Brown's upbeat speech was, according to administration officials, designed to dispel public qualms about the U.S.-Soviet military balance.

These officials conceded that the tough talk out of the White House in recent weeks about Soviet and Cuban military activities in Africa set off some of the tremors.

In his speech Brown stressed that counting up the number of guns and tanks each superpower has to determine which one is stronger is a misleading way to measure relative strengths.

"We don't necessarily care whether the Soviets have more tanks than we do," Brown said. "We do care whether, in the event of a Soviet attack, we are able to throw it back. We assume - and I think with some merit - that if we can produce that kind of result, we will have produced a powerful deterrent to attack."
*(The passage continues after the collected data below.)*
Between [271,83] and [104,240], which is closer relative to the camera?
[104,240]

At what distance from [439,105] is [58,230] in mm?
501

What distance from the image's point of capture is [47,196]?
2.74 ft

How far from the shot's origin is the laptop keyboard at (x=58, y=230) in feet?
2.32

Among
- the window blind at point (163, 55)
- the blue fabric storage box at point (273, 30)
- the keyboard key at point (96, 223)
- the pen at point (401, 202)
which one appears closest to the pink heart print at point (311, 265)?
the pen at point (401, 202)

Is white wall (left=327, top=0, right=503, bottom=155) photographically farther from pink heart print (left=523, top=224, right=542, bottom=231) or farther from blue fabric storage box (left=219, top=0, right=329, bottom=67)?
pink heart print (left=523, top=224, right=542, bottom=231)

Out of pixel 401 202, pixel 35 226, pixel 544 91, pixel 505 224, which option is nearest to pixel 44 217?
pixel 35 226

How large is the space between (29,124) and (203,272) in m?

"And that," he continued, "rather than simply out-distanching the Sovies in number of tanks or any other single item is what you should demand of the U.S. and allied defense establishments."

He complained that "the simplistic comparisons" being broadcast these days ignore "that a quarter of the Soviet non-nuclear capability is on the Chinese frontier, that current Soviet operating doctrines require larger forces than we would use for the same purposes; and that we have stronger, more reliable allies than the Soviets."

Brown indicated that the Carter administration looks upon the threat China poses to Kremlin planners as a big plus for the West. One debate going on within the administration is how far the United States should go in supplying American weapons to China to draw Soviet forces away from the NATO front.

"A major two-front attack on our interests has become increasingly implausible with the continuation of the Sino-Soviet split" and the improvement U.S. relations with China, Brown said.

He said that therefore the "first and foremost" military concern of the United States "is the heavy concentration of Soviet general purpose forces in Eastern Europe and in the western districts of the U.S.S.R."

In discussing the Carter administration's nuclear strategy, Brown repeated that the heart of it remains mutual deterence - meaning that the United States will continue to have so many missiles pointed at the Soviet Union that the Kremlin could not hope to destroy all of them in a surprise attack and thus would be discouraged from launching a first strike.

In what the Kremlin might regard as a veiled threat, Brown indicated that the United States might adopt a "launch on warning" strategy for its land missiles if the Soviet Union keeps building nuclear block-busters designed to destroy them. Said Brown:

"The Soviets would have to consider the possibility that our minute-man missiles would no longer be in the silos when their ICBMs arrived. We have not adopted a doctrine of launch under attack, but they surely would have to take such a possibility into consideration."